Vol Three finds the girls thrown back millenia to accidentally encounter the very first time traveler, as we dive into KJ’s psyche. While trying to help a girl from the ancient past, they discover what might be a way to solve the entire problem from the get-go, only to have everything go very wrong in the end.

In Vol 4, the girls are lost in the year 2000, and run into future Tiffany as well as a comic creator who might be one panel short of a strip. The war between the Old Timers and their descendants gets even more heated, as one casualty causes the man in charge to go ballistic. The girls escape Y2K only to find themselves in a far future Cleveland, Ohio in Vol 5, when I finally connect the dots and have a miniature freak out as to whom some of the most important characters actually are.

This is an extremely lively, fast-paced jaunt through space and time, folding scientific concepts and conundrums seamlessly into a whip smart narrative featuring four strong female leads who always read like authentic people. The art is relentlessly terrific, with Cliff Chiang’s clean, muscular lines and impeccable ability to differentiate between even minor characters given room to strut and play. The action is as strong as the emotion, and both perfectly match the scripting. Matthew Wilson’s colors are also superb, bringing to mind the best of Glynis Oliver’s work, tho with much more color blocking to suit the needs/aesthetics of the story. I also haven’t been this impressed by lettering since I was first introduce to Nate Piekos and Blambot via the X-Statix books! I kinda want to take the time to decode Jared K Fletcher’s ciphered script but also I’m lazy and have so much reading to do, so look forward to having it all eventually laid out for me.
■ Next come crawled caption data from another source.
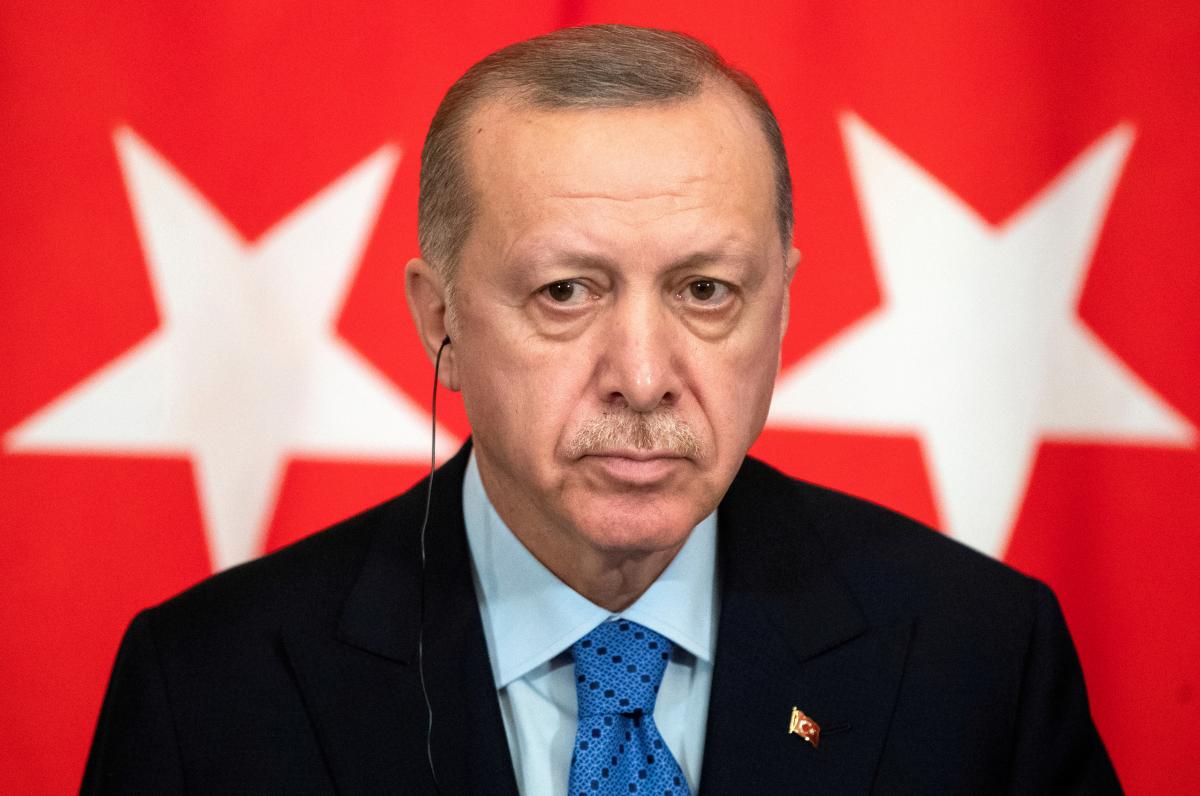В Иране жестко отреагировали на стих Эрдогана в Баку и вызвали на разговор посла Турции
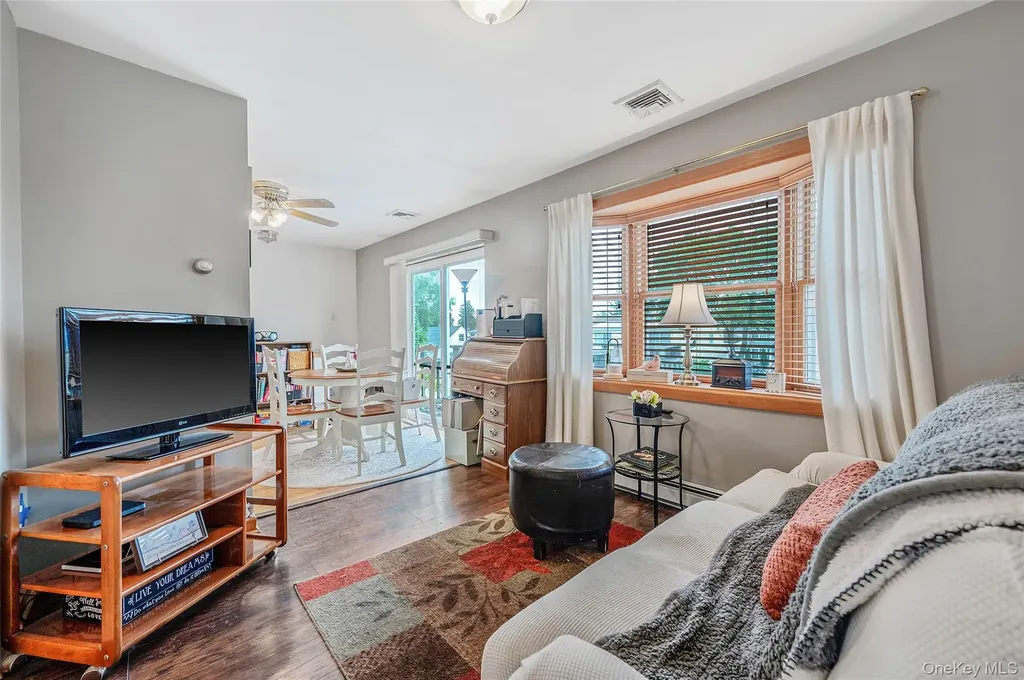 21 Audrey Avenue Plainview NY 11803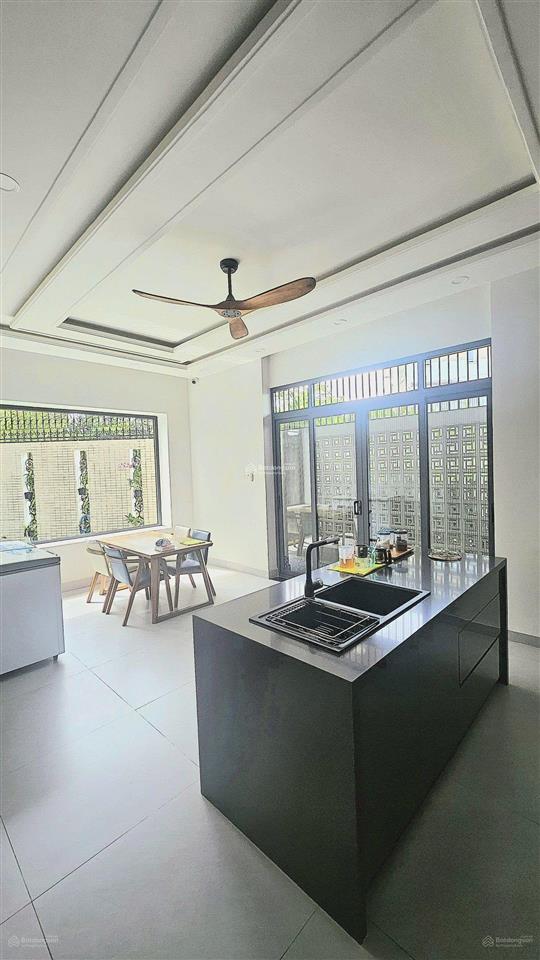 Bt góc 2mt đường 3158b phường 7 q8, dt 9x16m view cv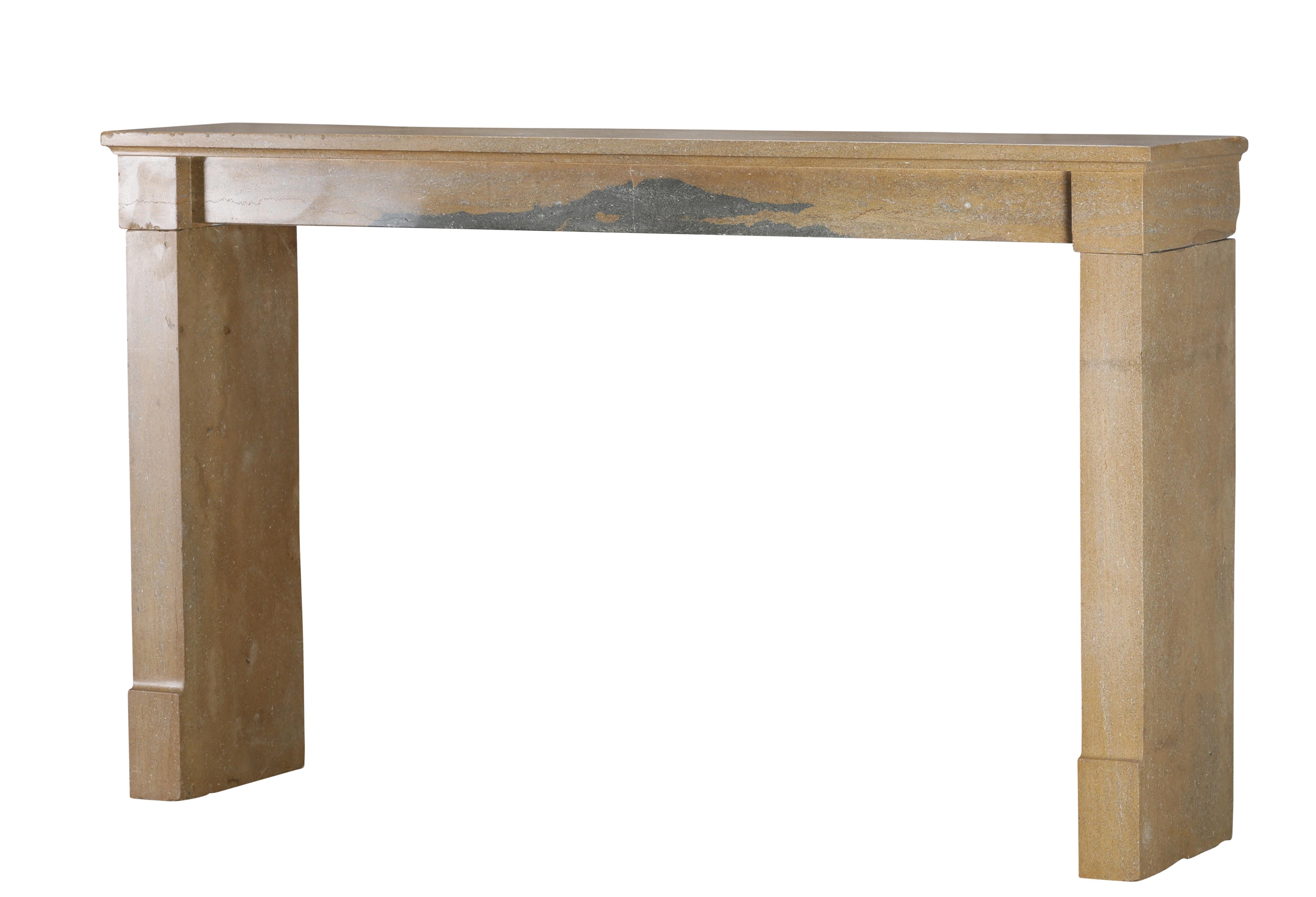 Repisa de chimenea extra ancha Diseño minimalista francés del siglo XIX de Louis Philip en venta 6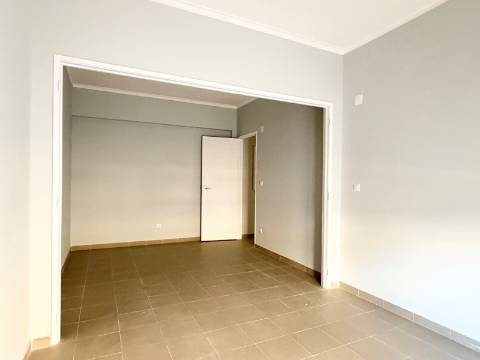 Apartamento T1 em Moscavide - 2º andar - 2 VARANDAS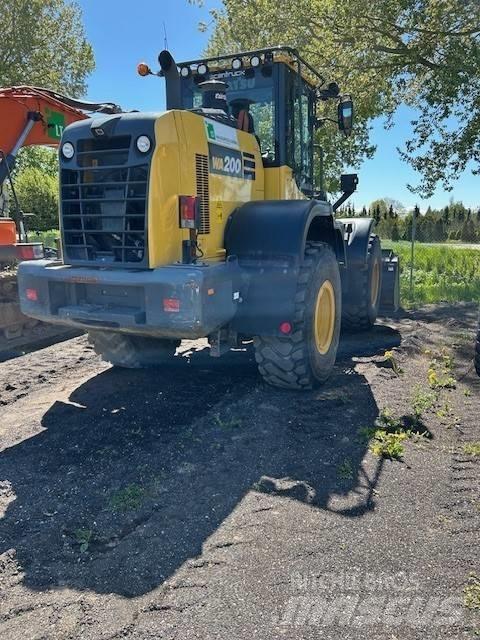 Komatsu WA200-8 Hjullastare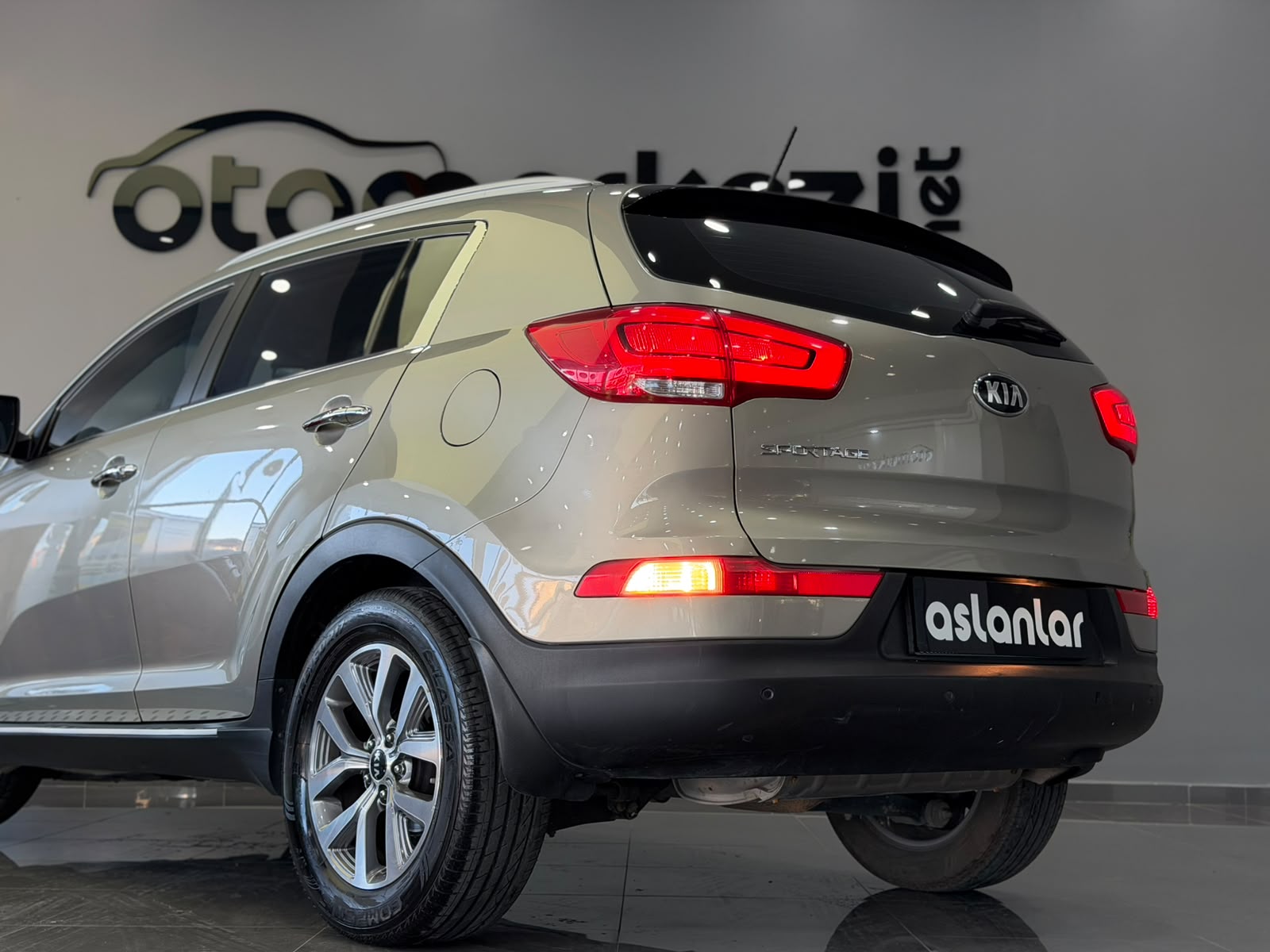 KIA SPORTAGE 26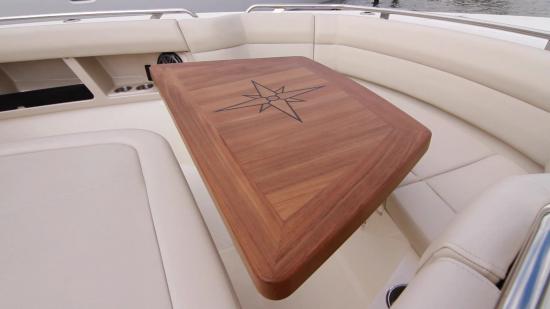 Boston Whaler 350 Realm bow table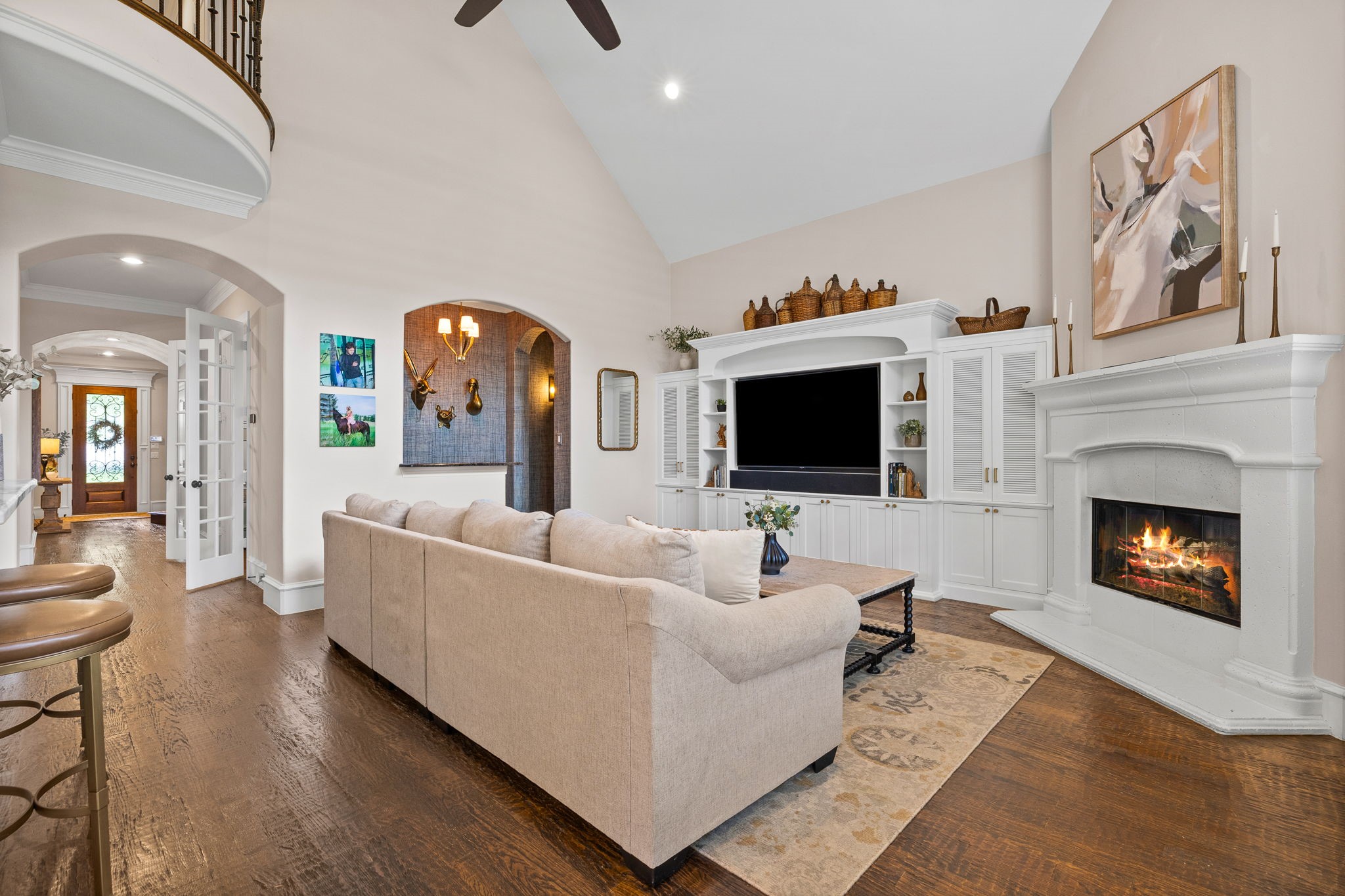 6301 Lakeshore Drive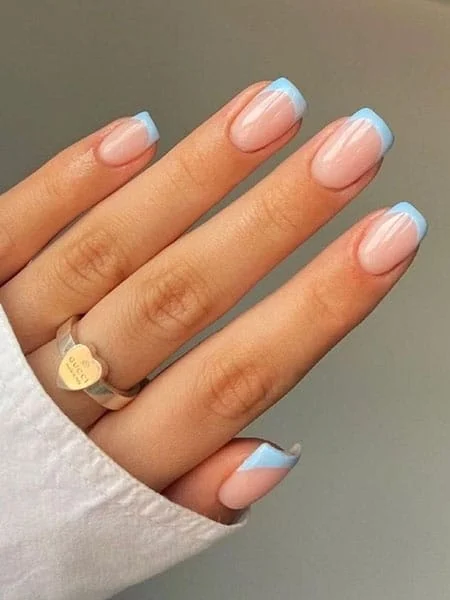 French-Tip-Dip-Nails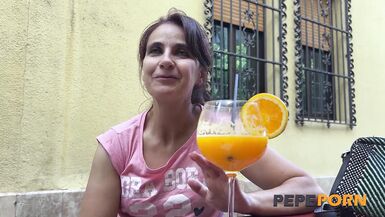 Drako mete forte na buceta MILF apertada da Lina PepePorn no chuveiro quente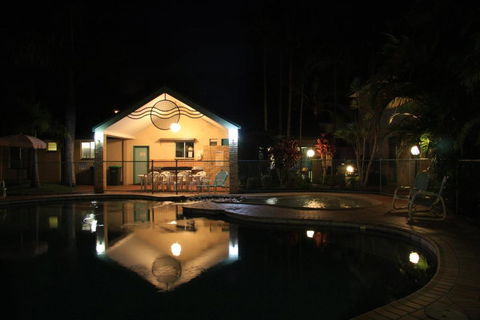 Aqua Villa Holiday Apartments - New Castle Holiday 1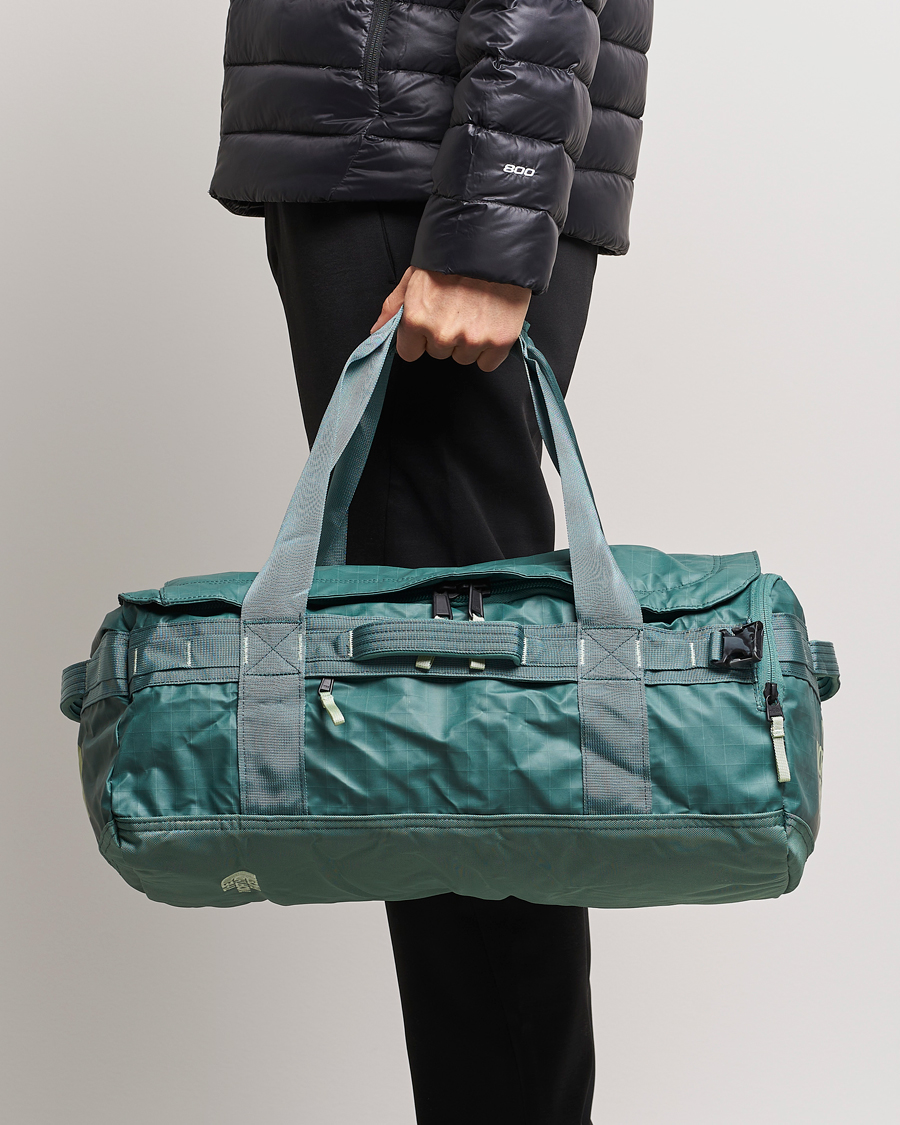 Mies | The North Face Base Camp Voyager 42L Dark Sage | The North Face | Base Camp Voyager 42L Dark Sage
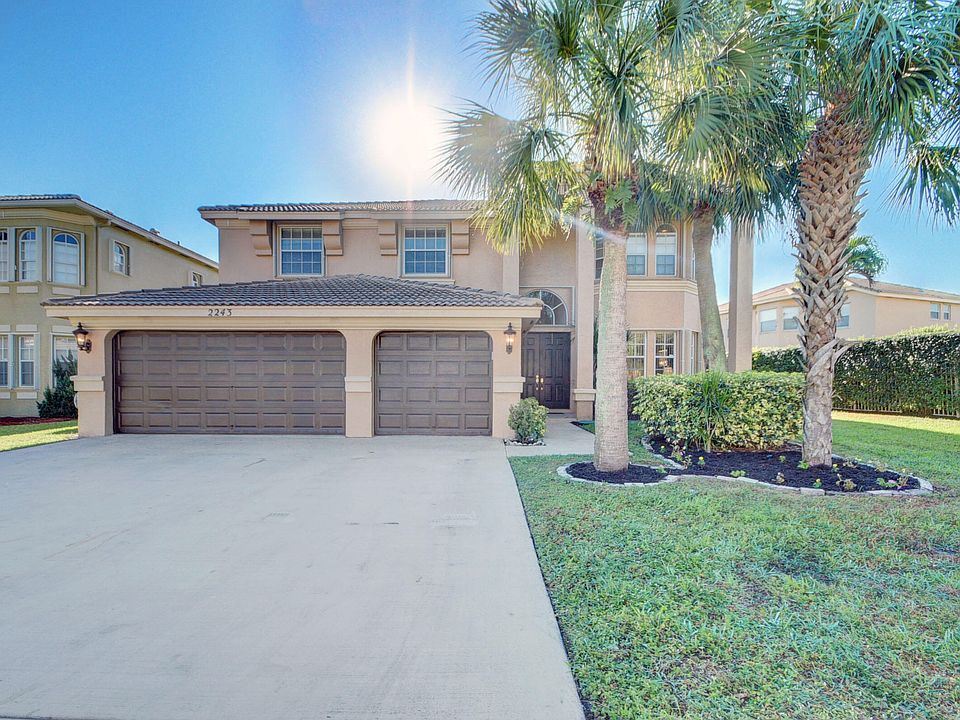1st image of 2243 Ridgewood Cir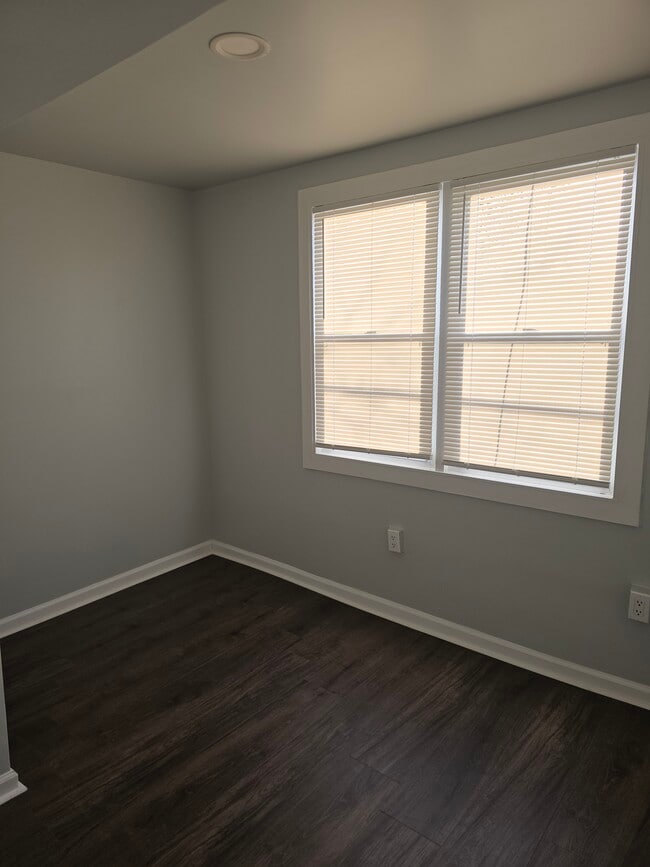 Photo - 1932 Magellan Ave Unit Apt B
This is such a great team putting out a really terrific title and I can’t wait to start the Hugo nominated 6th volume, which will be getting a review page all its own. I’m only sad that it looks as though the sixth might well be the final, but I can totally appreciate choosing a finite number of issues in which to tell a complete story. Given the amount of thought put into these volumes so far, it’s no surprise that the whole thing has been carefully planned from the start, with terrific callbacks in each volume to what might have seemed a throwaway detail in preceding ones. If you can remember living through the 1980s, or if you remember what it was like to be a 12 year-old girl, or even if you just enjoy a kick-ass, intelligent story about time travel, you should absolutely read these books.